Friday, December 16, 2011

Java classes, objects, and instances demystified (hopefully)

A great many people are competent java developers, but have only a vague understanding of the difference between a "public static method", "public method", and the difference between a class and an object. As this was confusing to me at first, I thought I would give a quick overview.

A class defines a template for what data and operations are available when you tell the JVM to create an object.

So, for example:

public class BlogPost {
    public String text = "";
    public static BlogPost latest;
    public static BlogPost create(String input) {
        latest = new BlogPost();
        latest.text = input;
        return latest;
    }
    public int getTextSize() {
       return text.length();
    }
}

When you compile this class, it is creating a file that the java runtime can later use to enable programmers to load an object into memory that has a single attribute called "text" which is a reference to another object with a class of String. Additionally, the class itself has an attribute called latest that is a reference to an object with a class of BlogPost, a method called create that accepts a reference to a string, creates a new Blogpost, stores it to the "latest" class variable, set's the text attribute on the "latest" class variable and subsequently returns the reference to "latest". In addition, there is an instance method called "getTextSize()" that returns the result of the instance method "length" for the "text" instance variable of the object.
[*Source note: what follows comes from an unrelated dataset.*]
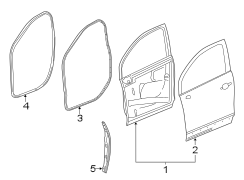 FRONT DOOR. DOOR & COMPONENTS.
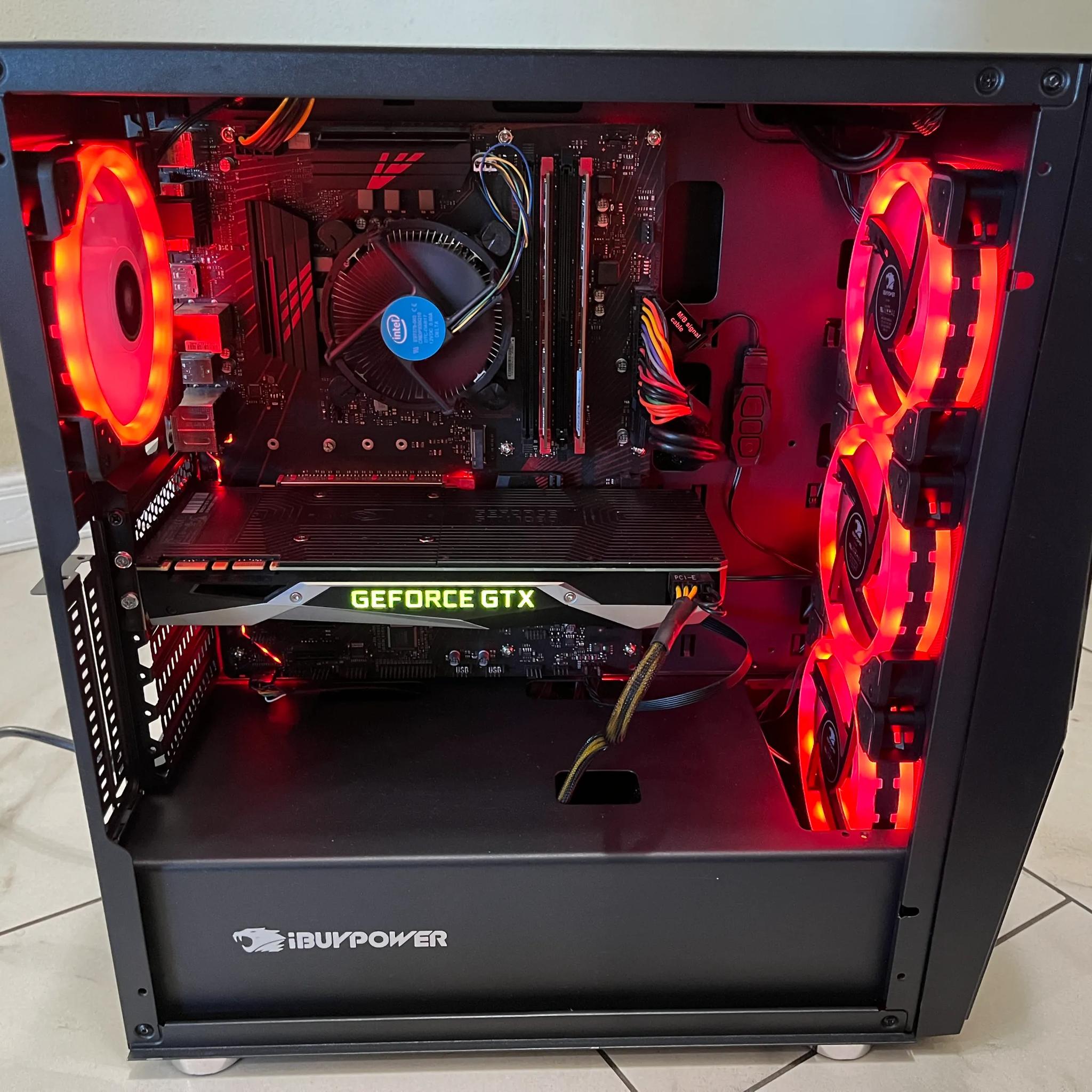 🟠🔥NVIDIA GTX 1080, Intel i5-9500T,16GB RAM, 1.2 TB Storage, High Performance Gaming PC w/ RGB Remote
So far, if you've done any amount of java programming, this shouldn't be too shocking or eye opening. However, there are some subtle and not-no-subtle nuances that are at play here. First and most commonly confused is that static methods cannot get access to instance variables.

Why?

Let's talk through this.... when java is running, class definitions are broken into two pieces. The data piece and the method piece. The data piece is independent for every new instance, the method piece is identical for every instance created and unique for the particular class. The method you can call on a particular class are unique to the CLASS, not the instance of the class. In addition, static variables on the class are also unique to the CLASS, not the instance. So, for example, the method area for our "BlogPost" has two method references... one for "create" which expects to receive a String reference and will return a BlogPost reference, and one for getTextSize, which expects to receive a reference to a BlogPost instance an will return the integer value of the text field reference stored on the BlogPost reference it received

When we are in the create method, there is no BlogPost instance available to look at... since the "length" method and the "text" instance variable both need a copy of a BlogPost object loaded into memory ... there's no way to access them.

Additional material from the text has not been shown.